В начале октября 1942 года я был ранен осколком бомбы во время боя на территории завода в Сталинграде. Взрыв переломал мне много костей, осколок поразил живот, была контужена голова. Я потерял сознание. Должно быть, я несколько дней пролежал заваленным обломками. И каким-то чудом через несколько недель я очнулся в военном госпитале в польском городе Лодзь. Меня эвакуировали самолетом».
Радист Рольф Келлер: «Котел разрешалось покидать только тяжело раненным и специалистам. Все остальные были обречены на смерть». Эскадрилья Келлера тоже заплатила в Сталинграде высокую кровавую цену. В течение короткого времени была сбита половина из 18 самолетов «Фокке-Вульф». Экипажи погибли. Самолет Келлера был серьезно поврежден 29 января 1943 года в результате атаки бомбардировщиков на аэродром. Последний, совершенно бессмысленный, приказ эскадрилья Келлера получила 31 января, в день пленения генерала Паулюса. «Фокке-Вульфы» должны были еще раз сбросить в центр города продовольствие и боеприпасы. Товарищи Келлера не вернулись, они были сбиты.

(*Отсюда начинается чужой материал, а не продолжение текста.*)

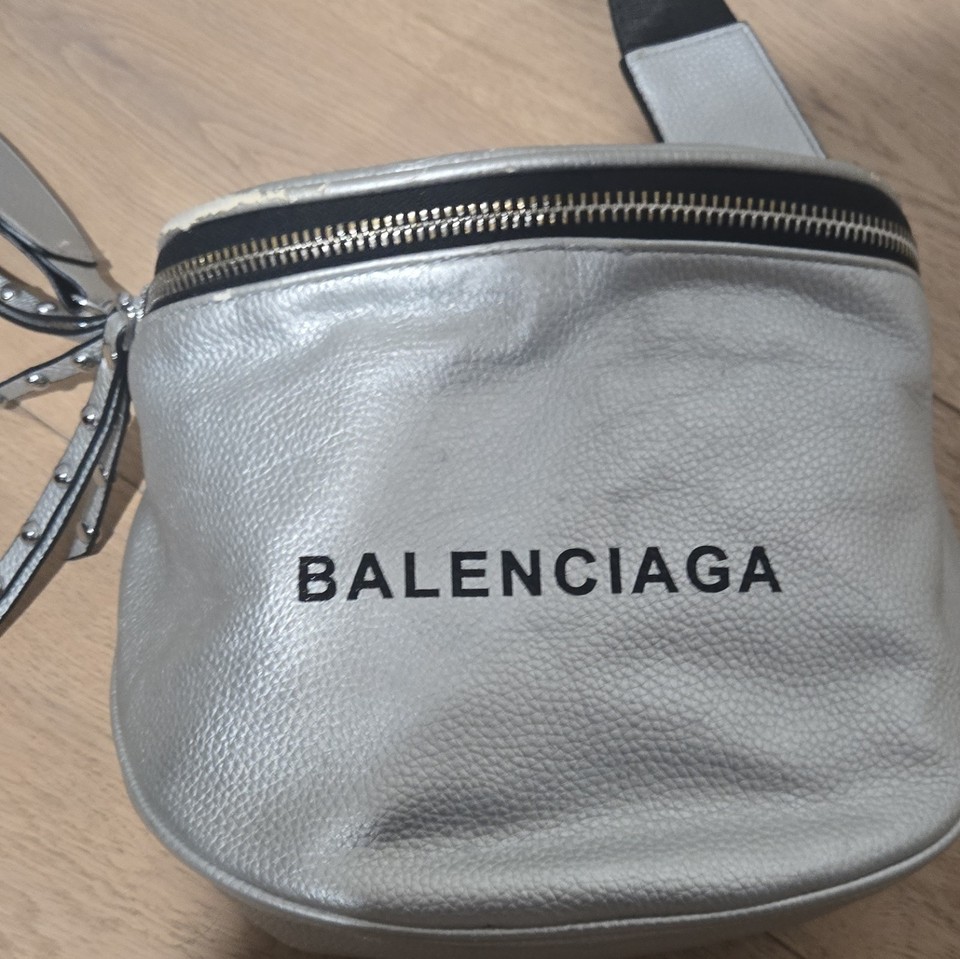 Balenciaga Metallic Silver Leather Logo Small Crossbody Bag Zip Detach Strap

Танкист Йоханнес Хельманн: «Я не мог говорить об этом даже с женой и дочерью. Я не хотел вспоминать об этом. Ужасы оживают только в страшных снах. Даже после 60 лет. Страдания сегодня мучают меня даже больше, чем тогда. До 18 ноября еще было тепло. Мы носили летнюю одежду. На следующее утро степь покрыло ледяное море. 20 градусов ниже нуля. Мы мерзли, как собаки. Наши пальто были всё еще в обозе в тылу. Мы никогда больше не увидели его снова. Потому что в то же утро началось наступление. Нашу линию обороны штурмовали миллион русских. Они вели огонь из всех стволов, зениток, «катюш», орудий. По радио мы услышали, что они прорвались у нас в тылу. Они окружили нас. Мы попали в смертельную ловушку. Наших боеприпасов хватило всего на несколько дней. И становилось всё холоднее, до 45 градусов ниже нуля. Я нашел мертвого русского. Снял с него сапоги и ватник. Только через 14 дней мы стали получать бульон и по маленькому кусочку хлеба в день. Русские атаковали почти каждый день. Всюду лежали убитые, и наши, и русские. Один с размозженной головой, второй без ног, третий с разорванным животом и выпавшими кишками. Чтобы не умереть с голоду, мы ели гнилое мясо мертвых лошадей. У меня был понос и дизентерия. У нас не было надежды выбраться живыми. Речь шла о том, чтобы пережить несколько следующих часов. По ночам мы слышали русских, которые через громкоговоритель предлагали нам сдаться. Но мы считали пленение верной смертью.
Закончилось топливо. Когда баки опустели, мы взорвали танки, чтобы они не достались русским. Последние несколько недель мы сражались в руинах, как пехотинцы. В новогодний день 1943 года я был ранен гранатой в ногу возле Волги. Это спасло мне жизнь. Через два дня меня вывезли по воздуху. В лихорадочном бреду я почти ничего не осознавал. Только, как самолет почти вертикально взмыл в воздух».
Хельмут Хоффманн: «Слова этого горлопана Геринга всё еще звучат у меня ушах. 30 января 1943 года, когда мы лежали в грязи в Сталинграде, они звучали по радио, и даже через тысячу лет каждый немец будет говорить об этой битве с дрожью в голосе. Это был действительно верх лицемерия. Сталинград – это не была героическая битва. Это был подлый геноцид! И никто из выживших не будет чувствовать себя героем.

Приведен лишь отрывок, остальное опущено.